Task objective: Reproduce only this range: the line holding "Cooler master GeminII" through the last line of the data below, both included, exactly, with no pictures.
______
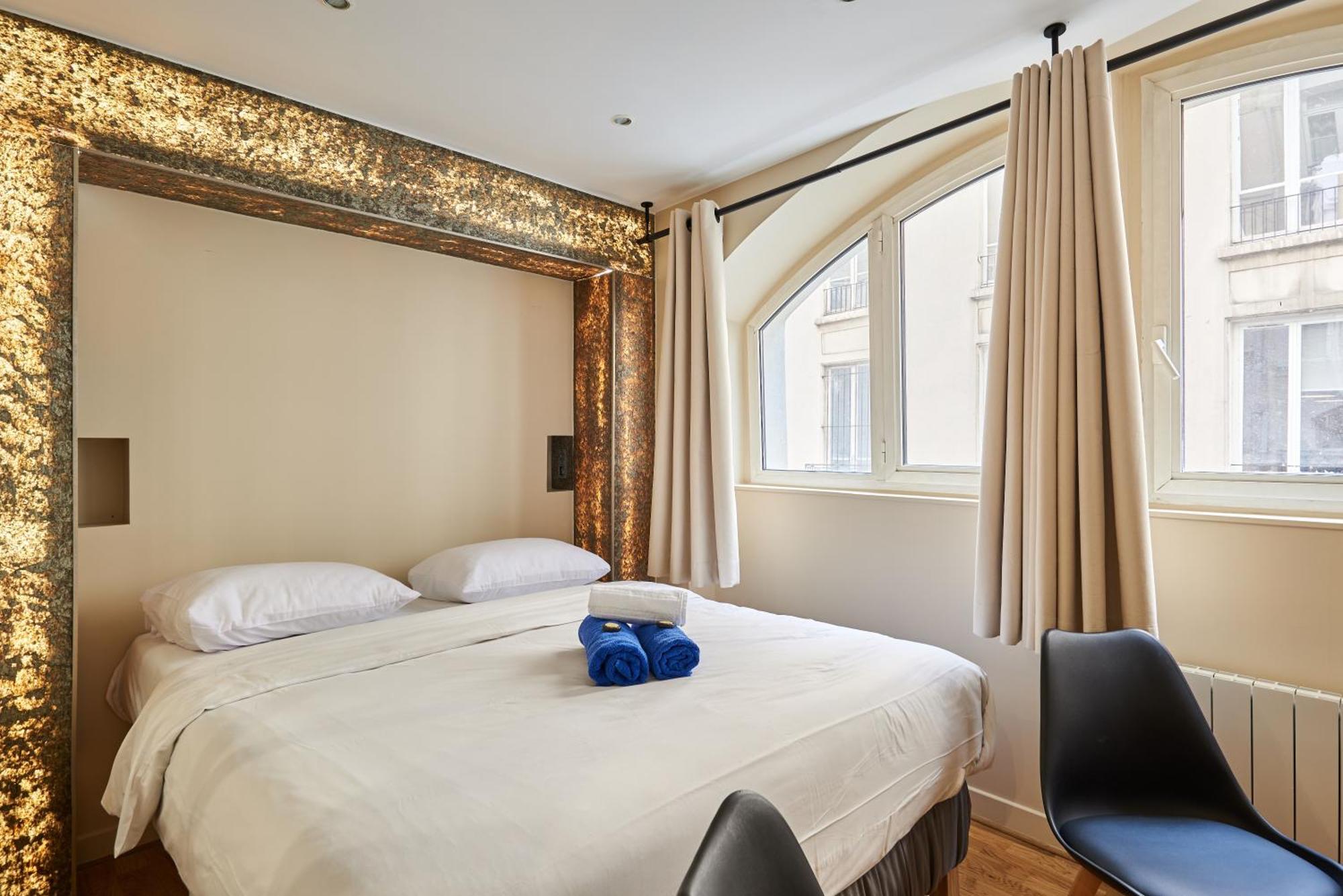 Studio Bonne Nouvelle Parigi Esterno foto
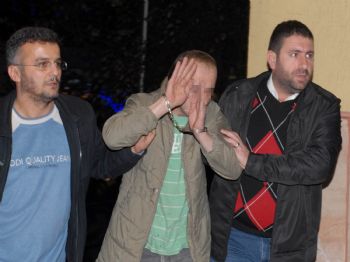 8 Yıl Hapis Cezası Bulunan Şahıs Tutuklandı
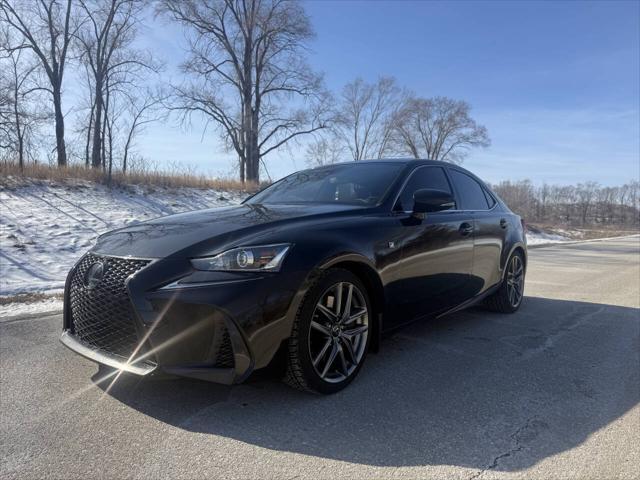 used 2018 Lexus IS 300 car, priced at $22,999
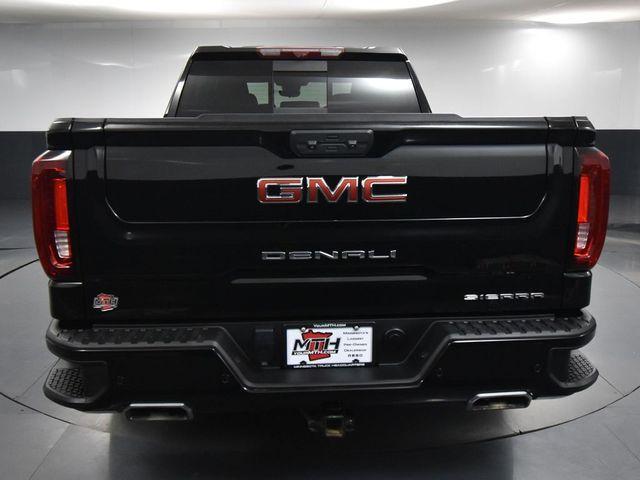 used 2023 GMC Sierra 1500 car, priced at $57,899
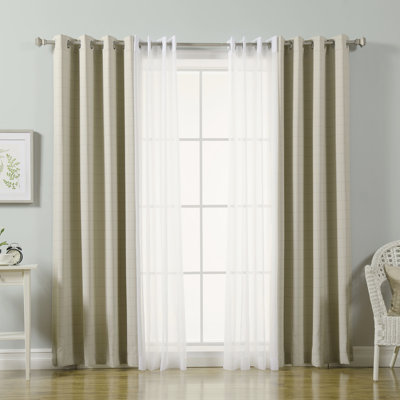 Mix And Match Blackout Curtain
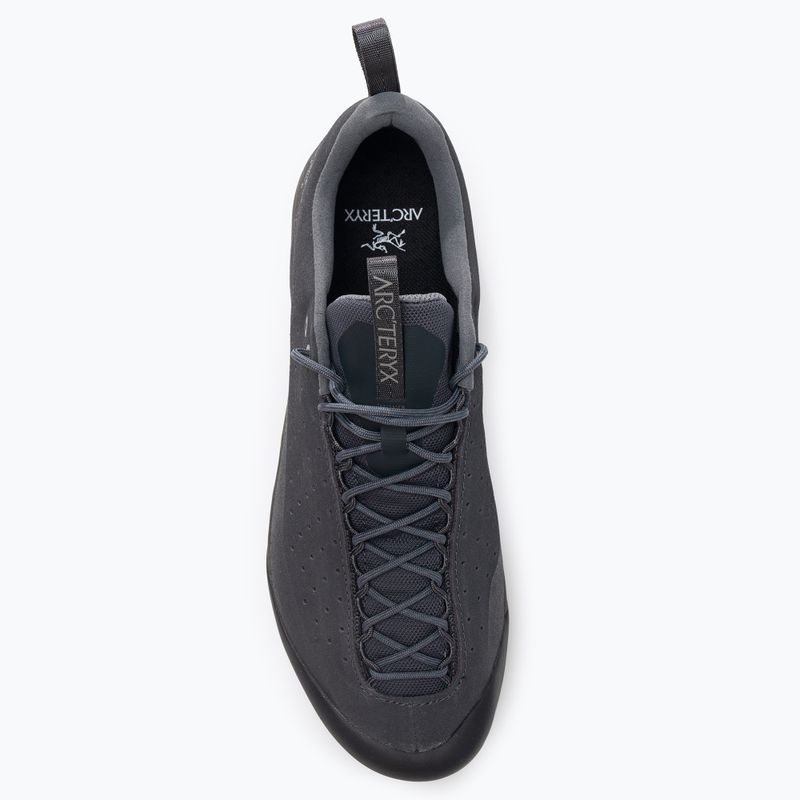Мъжки туристически обувки Arcteryx Konseal FL 2 Leather grey 28300 6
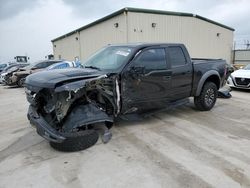 Ford F150 salvage cars for sale: 2013 Ford F150 SVT Raptor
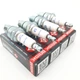 Свечи Brisk EXTRA LR15TC (3-электродные) Lanos, ВАЗ, ЗАЗ, Сенс, Nexia, Aveo, Matiz, Таврия (ключ 21) - изображение 1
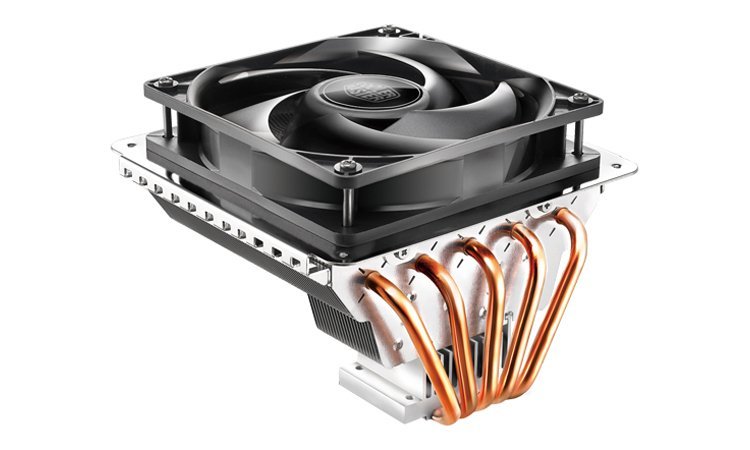Cooler master GeminII S524 V2 : aussi silencieux qu&rsquo;efficace ?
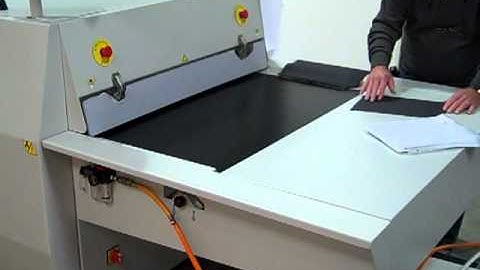 AIT Equipment 5240 Fusing System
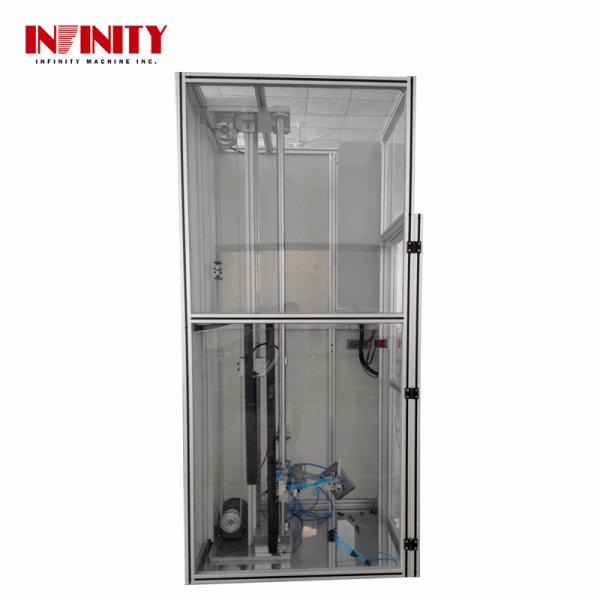 Cheap Automatic Servo Control Phone Drop Testing Machine 400~2000mm Height for sale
______
Response area:
Cooler master GeminII S524 V2 : aussi silencieux qu&rsquo;efficace ?
 AIT Equipment 5240 Fusing System
 Cheap Automatic Servo Control Phone Drop Testing Machine 400~2000mm Height for sale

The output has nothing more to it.